• Supplied entries

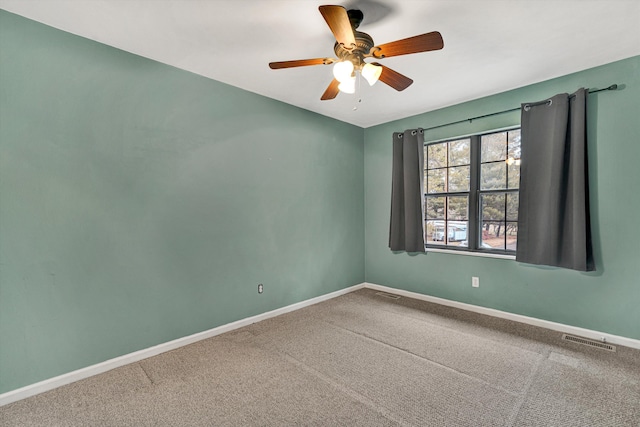 carpeted empty room featuring ceiling fan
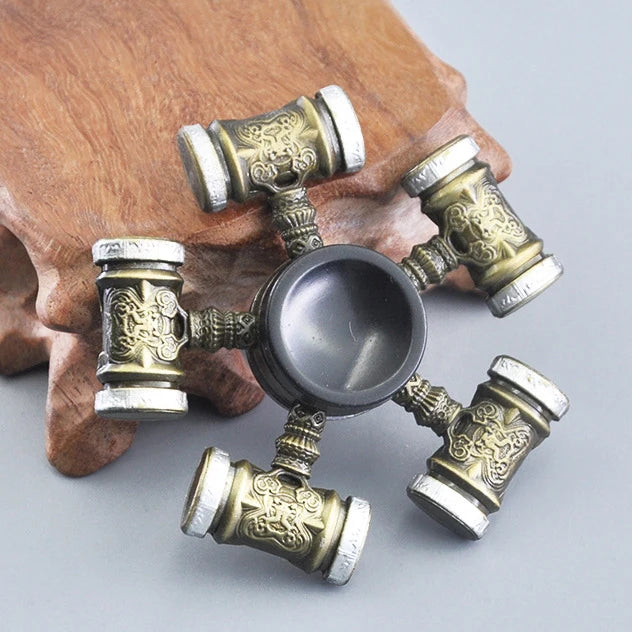 A metal fidget spinner with a rainbow finish resting on a wooden surface.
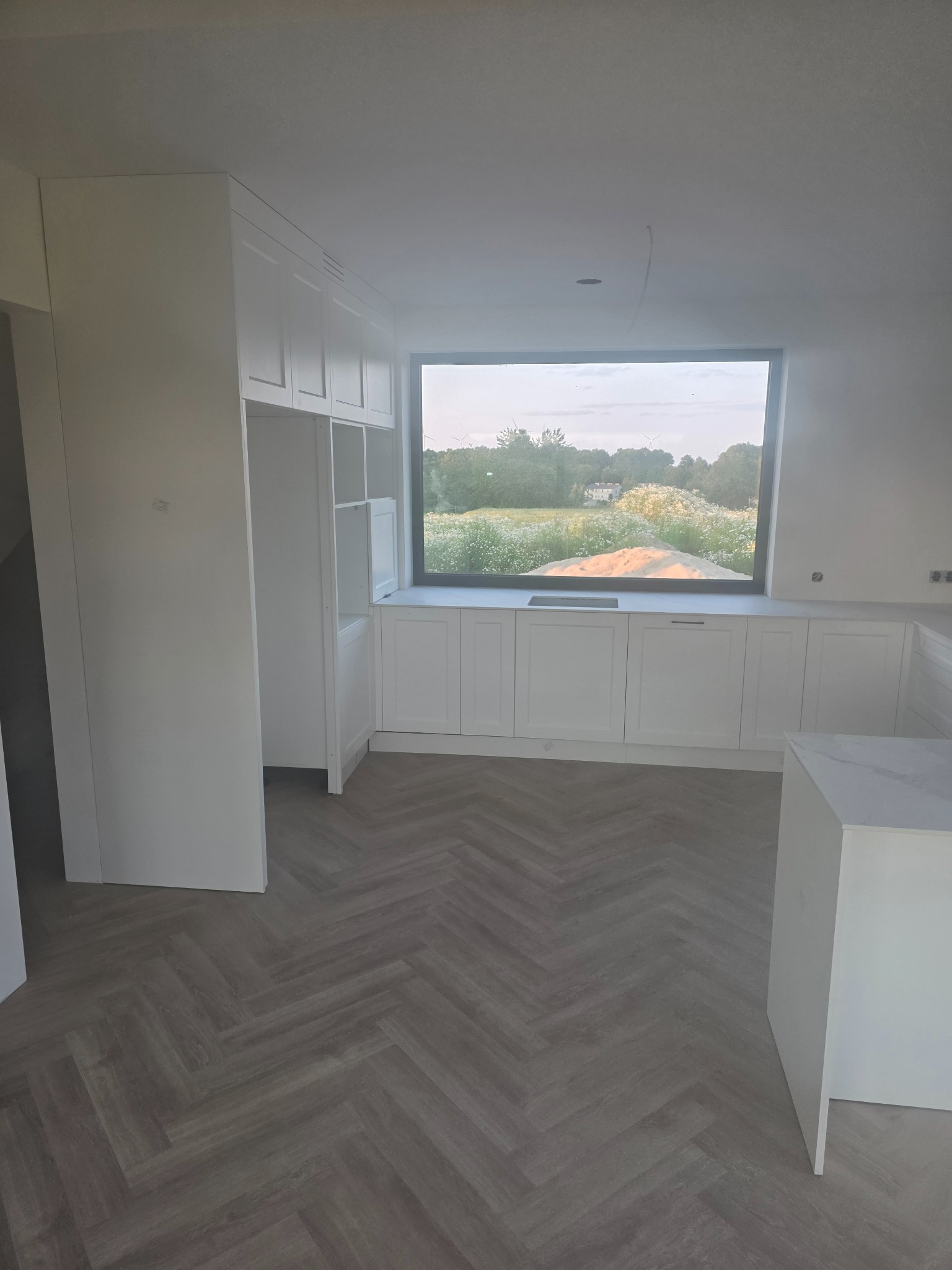 Jasna kuchnia na wymiar z oknem na ogród, szafki z białymi frontami, parkiet w jodełkę, minimalistyczny design.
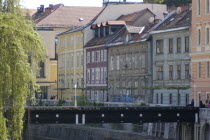 River Ljubljanica. View along row of Austro Hungarian buildings toward the Old Town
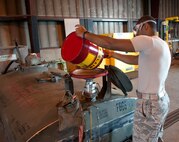Senior Airman Jordan Smith, a fuels distribution operator with the 5th Logistics Readiness Squadron, pours fuel into a bowser lob at Minot Air Force Base, N.D., Aug. 31, 2016. This process takes place once the fuel has already been tested for reuse. (U.S. Air Force photo/Airman 1st Class Jonathan McElderry)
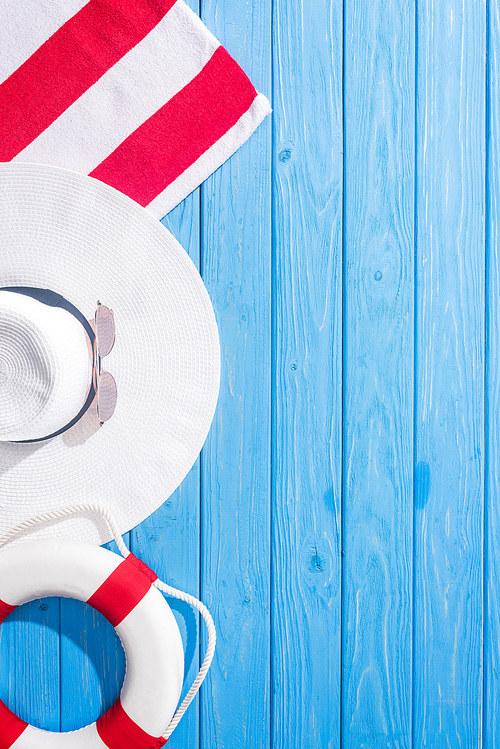 top view of striped towel, white sunglasses, lifebuoy, floppy hat on blue wooden background with copy space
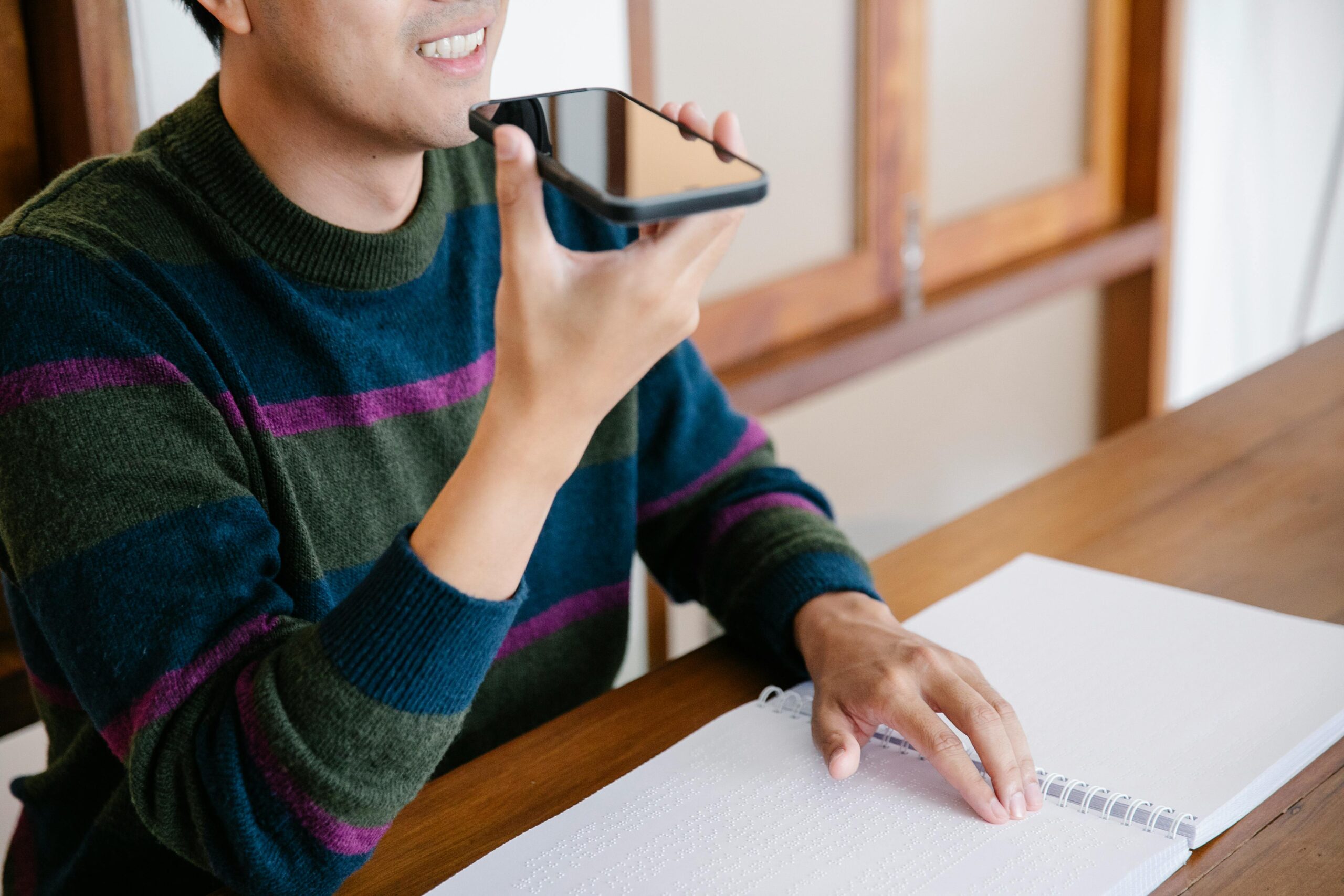 An admitted student holds a smartphone near their mouth, using voice input while resting a hand on a book on the table.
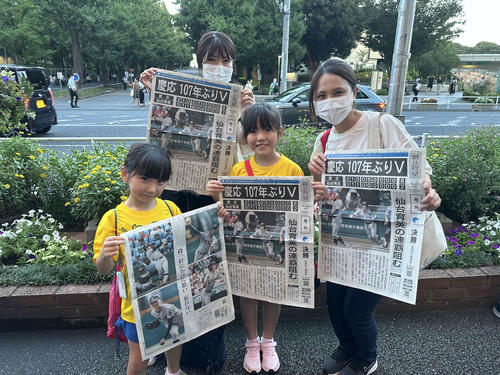 東急・日吉駅で慶応野球部の優勝を記念した号外を受け取り、笑顔を見せる親子ら（撮影・沢田直人）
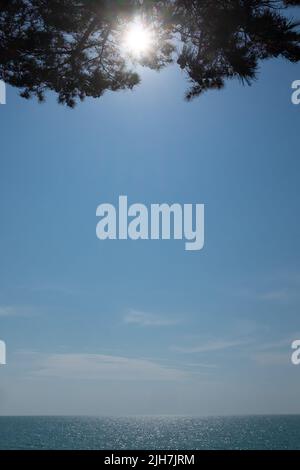 blue sea and cloudy sky on sunny summer day. Stock Photo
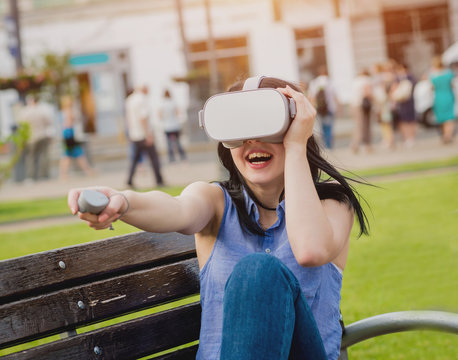 A beautiful young girl plays a game wearing virtual reality glasses on the street.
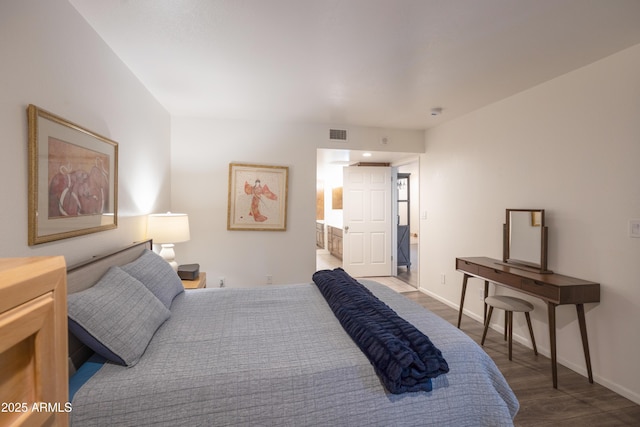 bedroom with visible vents, wood finished floors, and baseboards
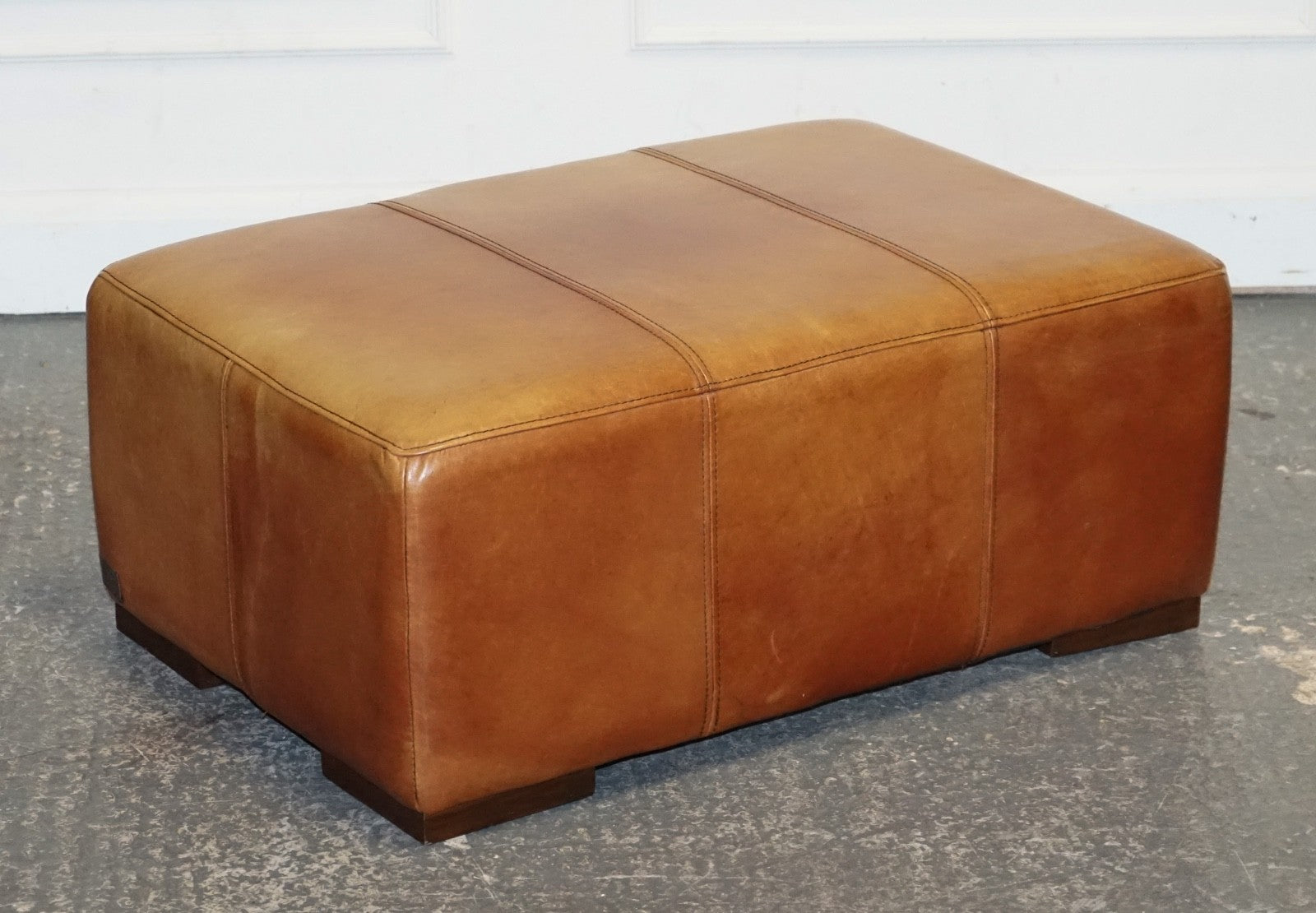 VINTAGE LARGE TAN LEATHER FOOTSTOOL OTTOMAN MADE BY HALO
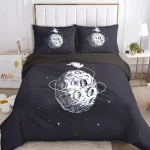Conjunto de roupa de cama com ilustração de planeta e estrelas em fundo escuro, incluindo almofadas e edredon.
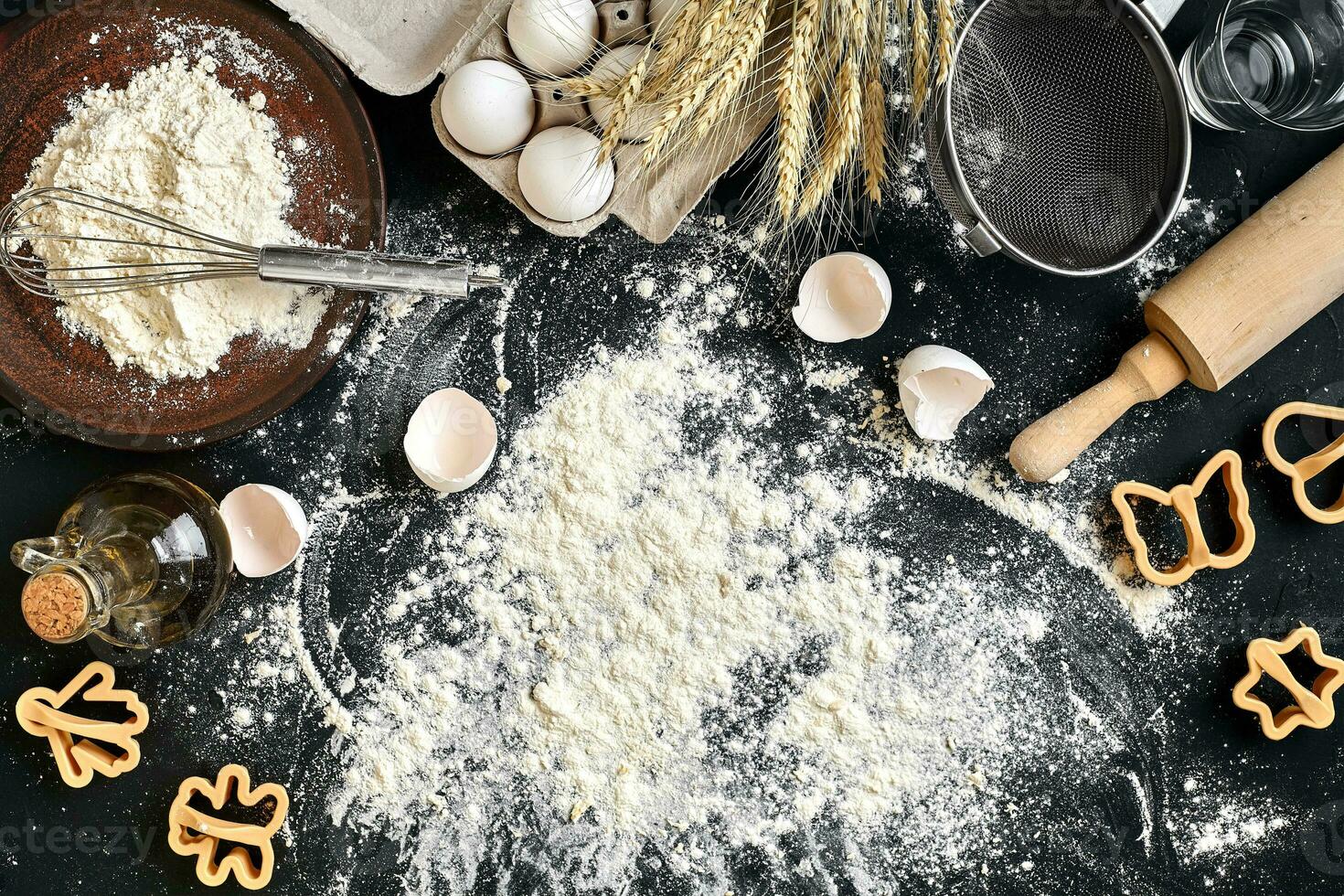 Cooking dough for cookies, butter, eggs, cooking equipment, flour on a black table. Top view with copy space, mockup for menu, recipe or culinary classes. Baking background. photo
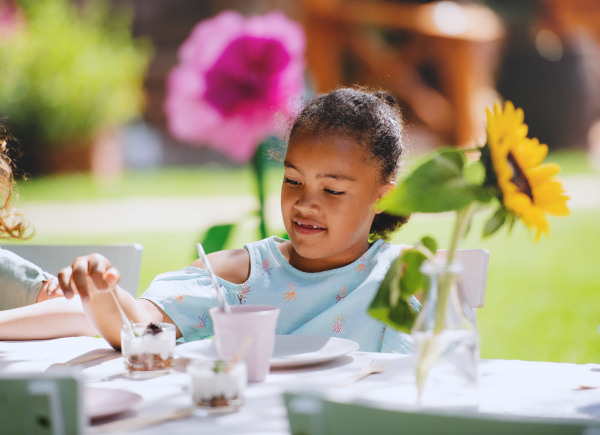 Small girl sitting outdoors in garden in summer, eating snacks. A celebration concept.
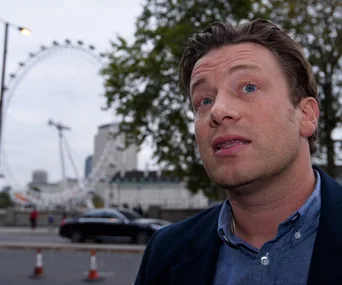 Man speaking outside with London Eye in the background.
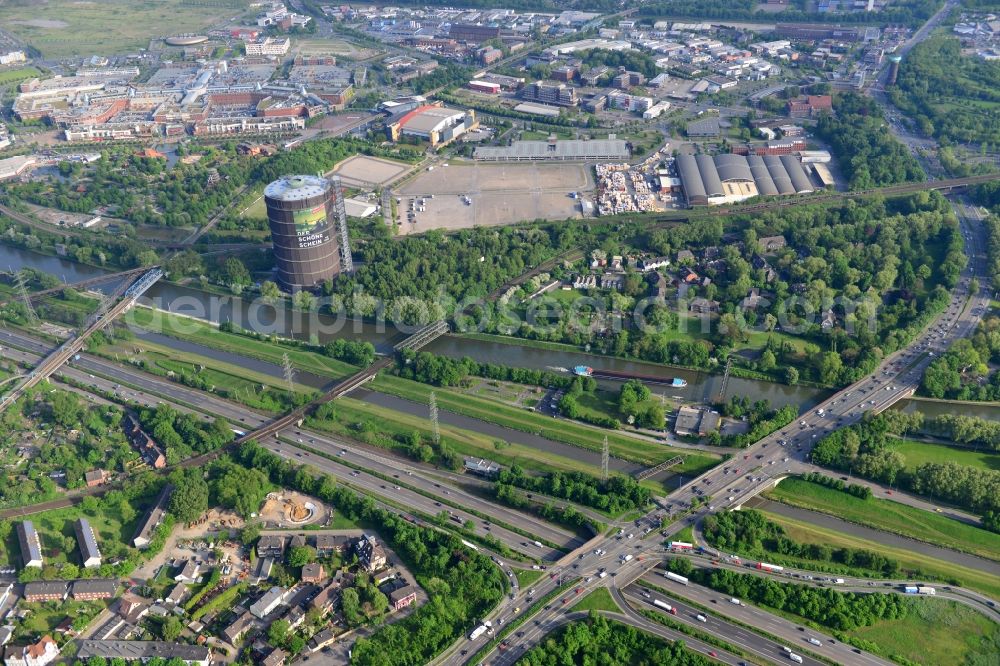 Oberhausen from the bird's eye view: View from north to south across the Rhine-Herne Canal with bridges and the Gasometer in Oberhausen in North Rhine-Westphalia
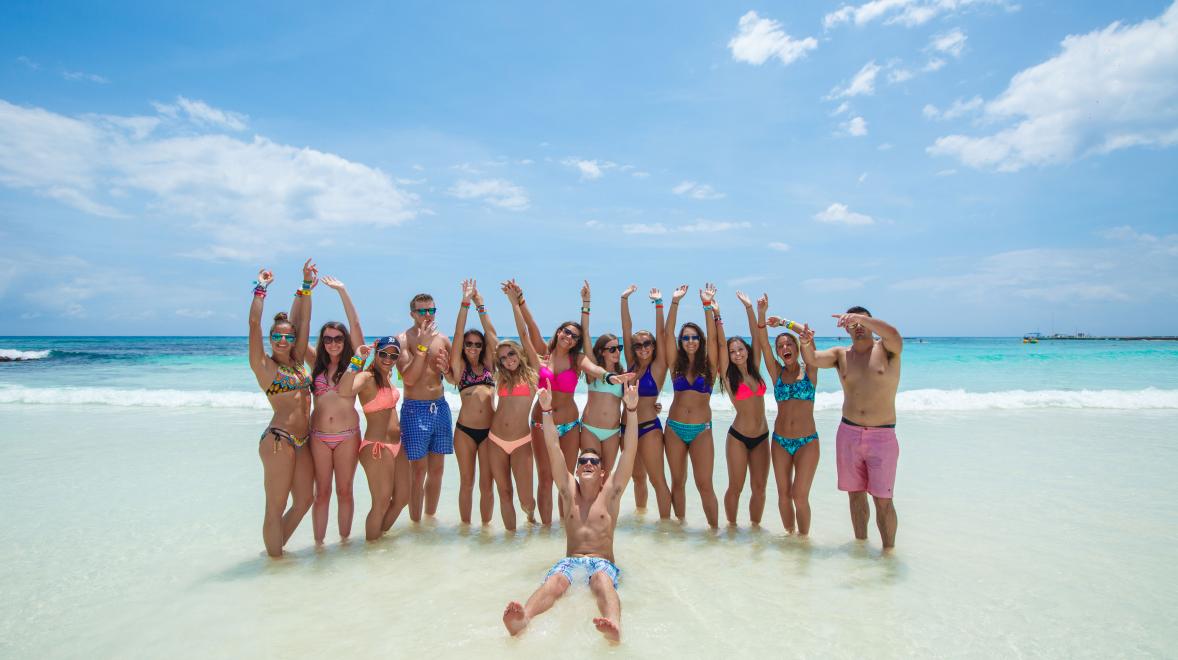 High schoolers throwing up their hands on a group photo shoot on the beach. 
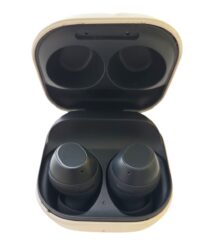 Open beige charging case with two black wireless earbuds inside.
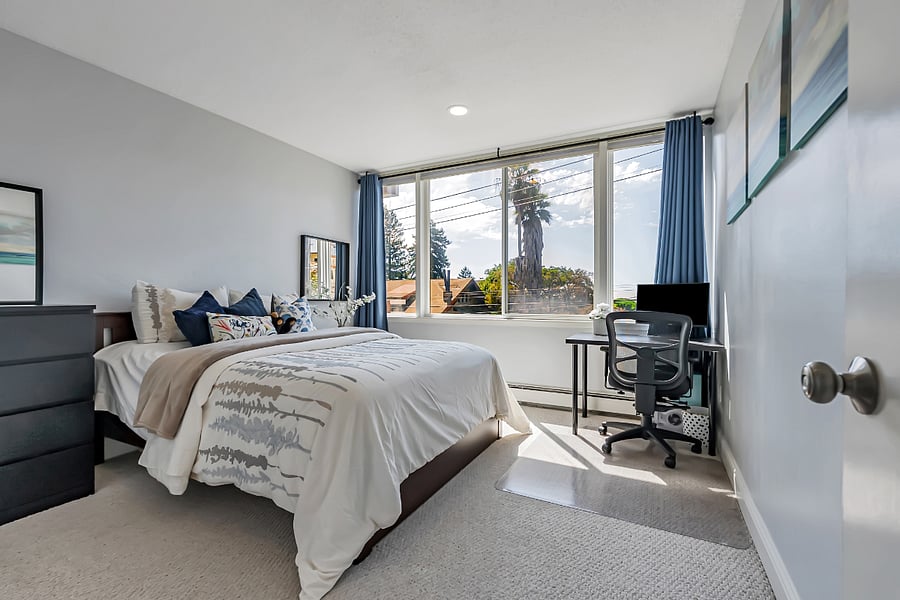 Sizable carpeted bedroom with a view of SF bay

• Task directions
Set down all of the material word for word, but keep each picture out.

• The completed task
 carpeted empty room featuring ceiling fan
 A metal fidget spinner with a rainbow finish resting on a wooden surface.
 Jasna kuchnia na wymiar z oknem na ogród, szafki z białymi frontami, parkiet w jodełkę, minimalistyczny design.
 River Ljubljanica. View along row of Austro Hungarian buildings toward the Old Town
Senior Airman Jordan Smith, a fuels distribution operator with the 5th Logistics Readiness Squadron, pours fuel into a bowser lob at Minot Air Force Base, N.D., Aug. 31, 2016. This process takes place once the fuel has already been tested for reuse. (U.S. Air Force photo/Airman 1st Class Jonathan McElderry)
 top view of striped towel, white sunglasses, lifebuoy, floppy hat on blue wooden background with copy space
 An admitted student holds a smartphone near their mouth, using voice input while resting a hand on a book on the table.
 東急・日吉駅で慶応野球部の優勝を記念した号外を受け取り、笑顔を見せる親子ら（撮影・沢田直人）
 blue sea and cloudy sky on sunny summer day. Stock Photo
 A beautiful young girl plays a game wearing virtual reality glasses on the street.
 bedroom with visible vents, wood finished floors, and baseboards
 VINTAGE LARGE TAN LEATHER FOOTSTOOL OTTOMAN MADE BY HALO
Conjunto de roupa de cama com ilustração de planeta e estrelas em fundo escuro, incluindo almofadas e edredon.
 Cooking dough for cookies, butter, eggs, cooking equipment, flour on a black table. Top view with copy space, mockup for menu, recipe or culinary classes. Baking background. photo
 Small girl sitting outdoors in garden in summer, eating snacks. A celebration concept.
 Man speaking outside with London Eye in the background.
 Oberhausen from the bird's eye view: View from north to south across the Rhine-Herne Canal with bridges and the Gasometer in Oberhausen in North Rhine-Westphalia
 High schoolers throwing up their hands on a group photo shoot on the beach. 
 Open beige charging case with two black wireless earbuds inside.
 Sizable carpeted bedroom with a view of SF bay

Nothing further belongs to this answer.